== Supplied data ==
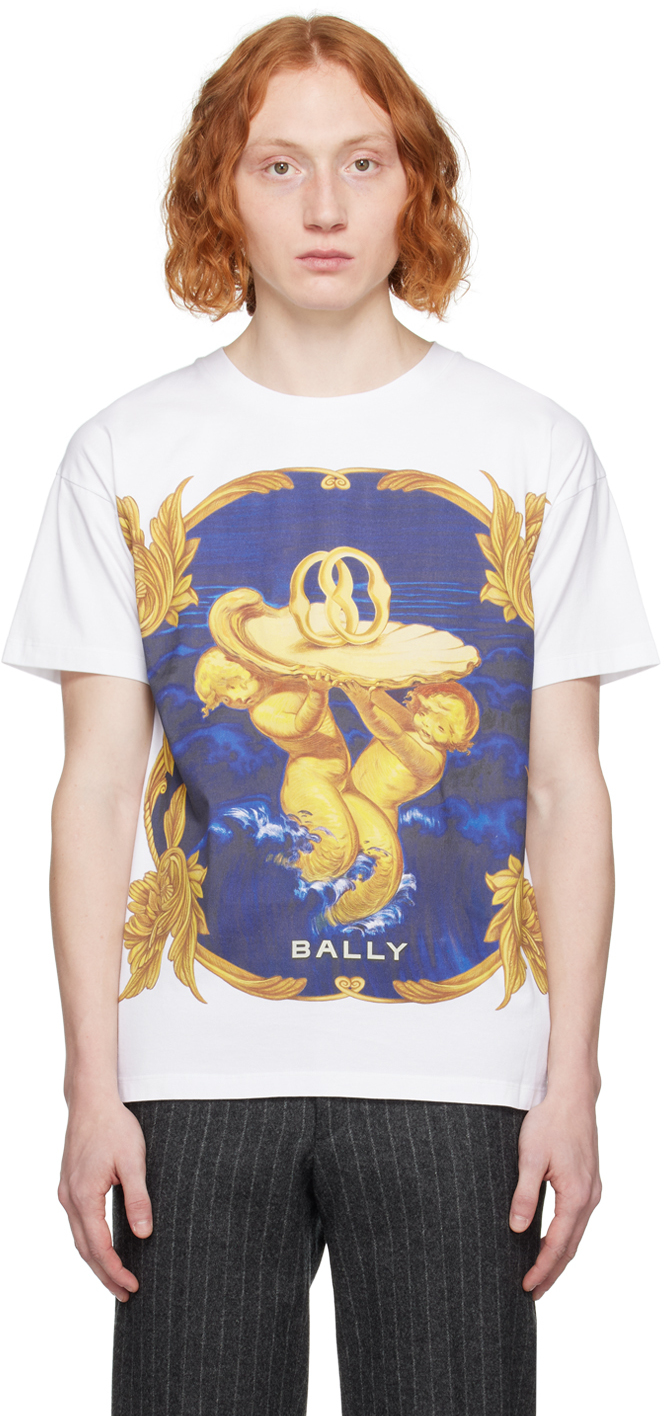 White Graphic T-Shirt by Bally on Sale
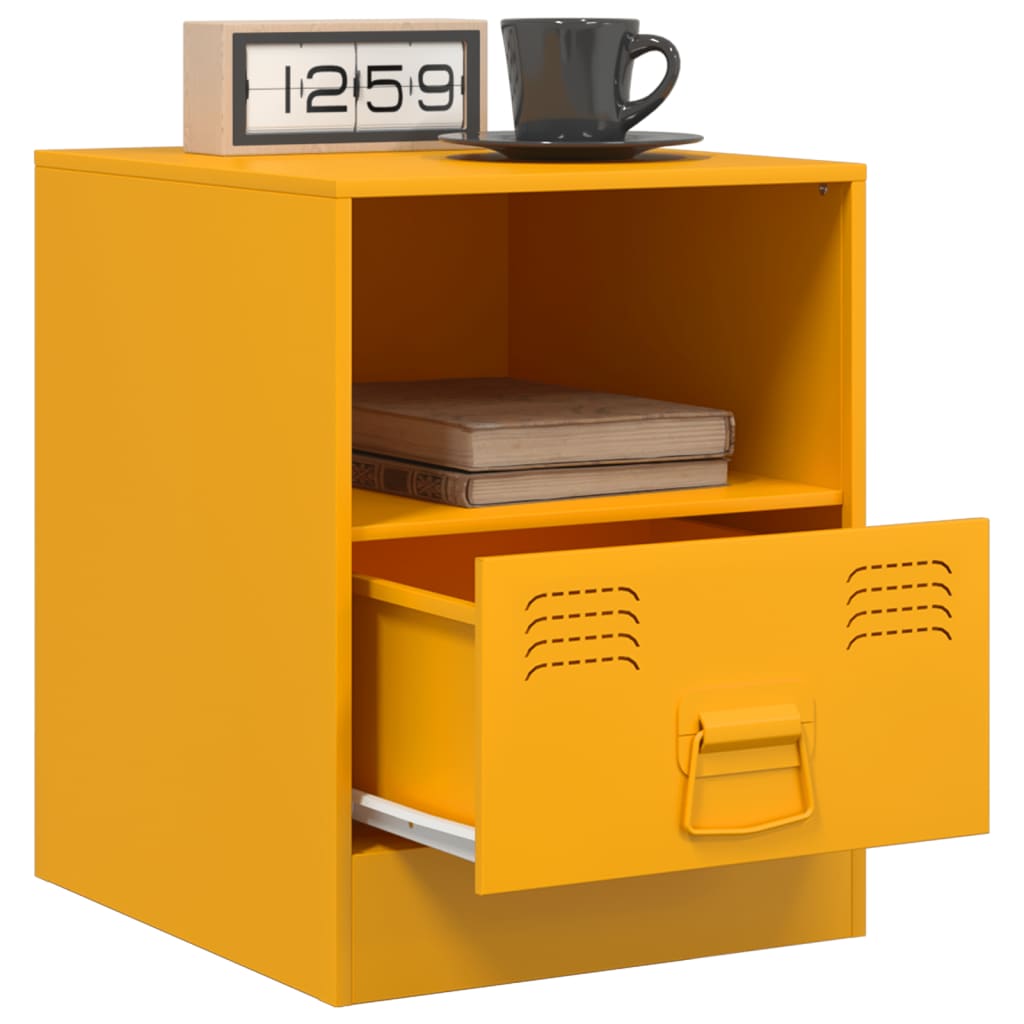 Tables de chevet 2 pcs jaune moutarde 34,5x39x44 cm acier Tables de chevet vidaXL   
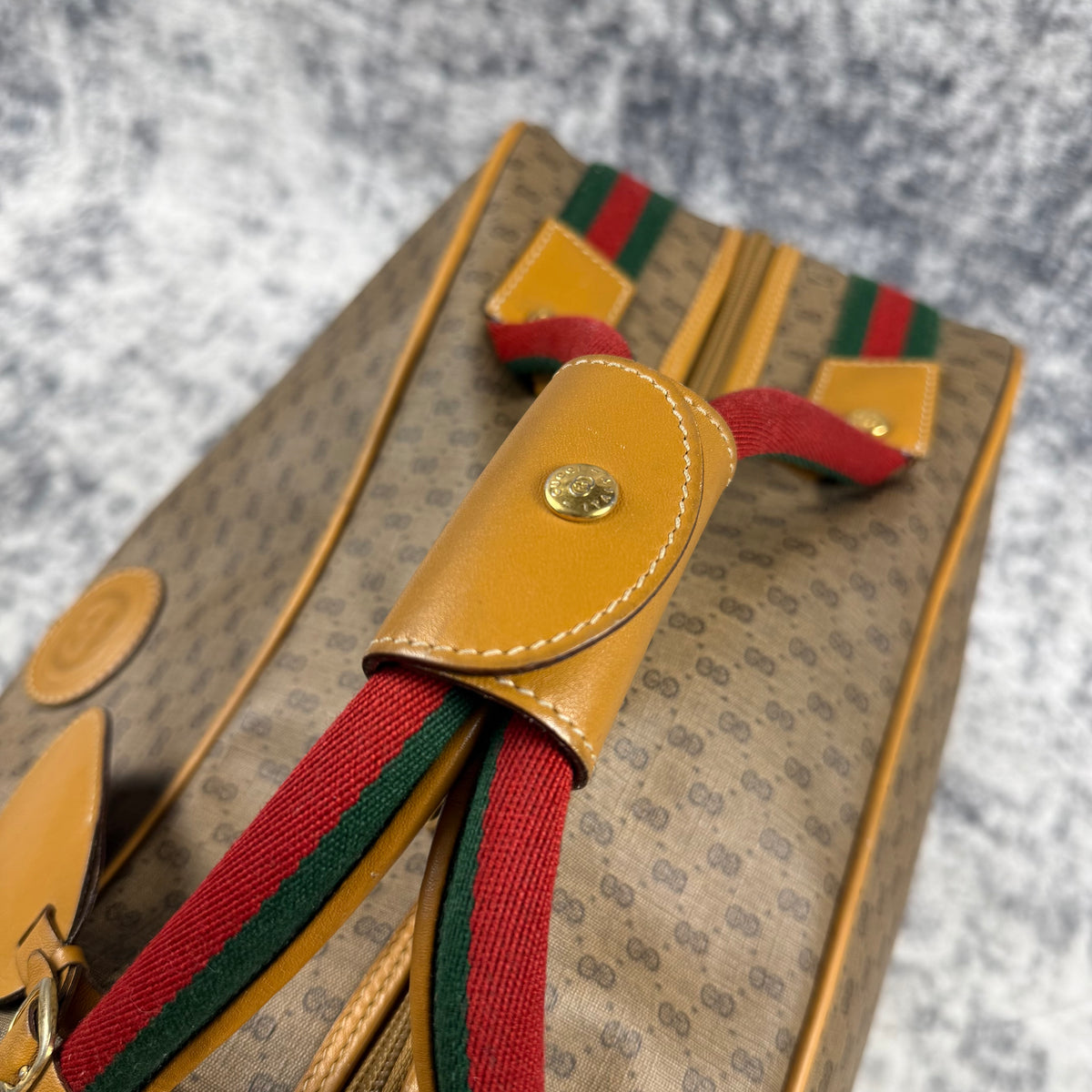 Gucci Vintage Micro GG Monogram Web Stripe Travel Suitcase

== Task brief ==
The whole listing, pictures excluded, should be output exactly.

== Exercise solution ==
 White Graphic T-Shirt by Bally on Sale
 Tables de chevet 2 pcs jaune moutarde 34,5x39x44 cm acier Tables de chevet vidaXL   
 Gucci Vintage Micro GG Monogram Web Stripe Travel Suitcase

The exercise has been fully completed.